(Beginning of Recorded information)

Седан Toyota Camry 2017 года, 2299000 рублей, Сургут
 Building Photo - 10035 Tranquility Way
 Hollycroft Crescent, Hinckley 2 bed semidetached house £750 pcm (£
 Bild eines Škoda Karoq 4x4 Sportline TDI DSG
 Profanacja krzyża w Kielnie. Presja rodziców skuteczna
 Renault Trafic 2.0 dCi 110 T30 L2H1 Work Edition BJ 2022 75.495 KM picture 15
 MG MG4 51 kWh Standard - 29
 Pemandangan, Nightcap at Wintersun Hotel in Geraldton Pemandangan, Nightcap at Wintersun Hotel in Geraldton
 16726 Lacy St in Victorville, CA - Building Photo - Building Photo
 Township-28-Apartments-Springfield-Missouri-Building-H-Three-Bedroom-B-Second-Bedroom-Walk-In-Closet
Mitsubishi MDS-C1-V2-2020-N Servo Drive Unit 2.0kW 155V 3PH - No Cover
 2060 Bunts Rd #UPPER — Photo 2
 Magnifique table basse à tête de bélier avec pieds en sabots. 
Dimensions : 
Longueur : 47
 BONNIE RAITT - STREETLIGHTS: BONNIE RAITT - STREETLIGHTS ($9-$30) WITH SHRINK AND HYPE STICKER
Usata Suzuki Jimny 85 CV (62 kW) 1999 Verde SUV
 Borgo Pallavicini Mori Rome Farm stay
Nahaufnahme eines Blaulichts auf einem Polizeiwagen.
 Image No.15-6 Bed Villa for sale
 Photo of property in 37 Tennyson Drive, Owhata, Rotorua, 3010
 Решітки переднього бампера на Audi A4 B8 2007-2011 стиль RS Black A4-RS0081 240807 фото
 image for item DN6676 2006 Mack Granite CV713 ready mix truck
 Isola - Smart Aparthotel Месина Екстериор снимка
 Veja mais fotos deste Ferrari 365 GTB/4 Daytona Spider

(End of Recorded information)

§ **Work item**:
An exact copy of the lines from the one containing "16726 Lacy St" through the end of the entries is required, and nothing beyond them.

§ **Task output**:
 16726 Lacy St in Victorville, CA - Building Photo - Building Photo
 Township-28-Apartments-Springfield-Missouri-Building-H-Three-Bedroom-B-Second-Bedroom-Walk-In-Closet
Mitsubishi MDS-C1-V2-2020-N Servo Drive Unit 2.0kW 155V 3PH - No Cover
 2060 Bunts Rd #UPPER — Photo 2
 Magnifique table basse à tête de bélier avec pieds en sabots. 
Dimensions : 
Longueur : 47
 BONNIE RAITT - STREETLIGHTS: BONNIE RAITT - STREETLIGHTS ($9-$30) WITH SHRINK AND HYPE STICKER
Usata Suzuki Jimny 85 CV (62 kW) 1999 Verde SUV
 Borgo Pallavicini Mori Rome Farm stay
Nahaufnahme eines Blaulichts auf einem Polizeiwagen.
 Image No.15-6 Bed Villa for sale
 Photo of property in 37 Tennyson Drive, Owhata, Rotorua, 3010
 Решітки переднього бампера на Audi A4 B8 2007-2011 стиль RS Black A4-RS0081 240807 фото
 image for item DN6676 2006 Mack Granite CV713 ready mix truck
 Isola - Smart Aparthotel Месина Екстериор снимка
 Veja mais fotos deste Ferrari 365 GTB/4 Daytona Spider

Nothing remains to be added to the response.